Deva Partisi Genel Başkanı Babacan bir TV canlı yayınında bir Ak Partili bakanla anısını şöyle anlattı: "Bir yerde karşılaştık, asansörde denk geldik yan yana. Kulağıma eğildi, 'Valla bakanım öyle bir miras bıraktınız ki' dedi, ‘Yiyoruz yiyoruz bitmiyor' dedi. Ben de, 'Valla sınırlı her şey bir gün tükenir dedim'. Maalesef tükendi işte."

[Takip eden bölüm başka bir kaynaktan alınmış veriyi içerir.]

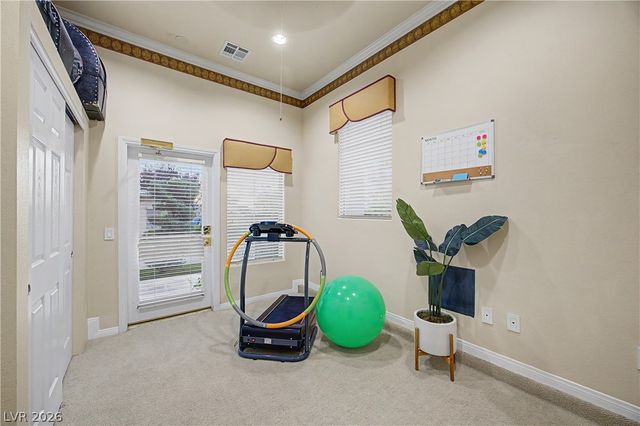 9733 Plateau Heights Place, Las Vegas, NV 89144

DEVA Partisi Genel Başkanı Ali Babacan, Tivi 6’da katıldığı “Başkanlar Soruyor” programında hem Fenerbahçe Spor Kulübü Başkanı Sadettin Saran’ın gözaltı yöntemini eleştirdi hem de kabinede ekonomiyle ilgili görev almış bir AKP’li bakanla yaşadığı bir diyaloğu anlattı. Babacan, yargıdaki sorunların “iki üç cümlelik talimatla” çözülebileceğini savunurken, asgari ücret zammı ve enflasyon politikalarına da sert sözlerle yüklendi.
Ali Babacan, katıldığı programda Sadettin Saran’ın gözaltına alınma usulüne tepki gösterdi. Çağrı üzerine gelebilecek bir ismin polis / jandarma eşliğinde götürülmesinin “adalet duygusunu zedelediğini” söyledi:
“Türkiye’deki önemli futbol kulüplerinden birisinin başkanının yurt dışındayken gel dediğinde gelebildiği bir ortamda, aynı insana siz deseniz ki bugün Saadettin Saran’a, bir telefon ararsınız, ya arkadaş birkaç sorumuz daha var, şu saatte sizi adliyeye bekliyoruz dese gelmeyecek mi yani? Yurt dışından çağrılıp çağrılmaz gelmiş de evinden adliye mi gelmeyecek? Niye evine polis gönderiyorsun da polis eşliğinde götürüyorsun değil mi? Bunlar işte Türkiye’de adalet duygusunu zedeleyen konular.”
“Sizin mirasınızı yiyoruz yiyoruz bitmiyor”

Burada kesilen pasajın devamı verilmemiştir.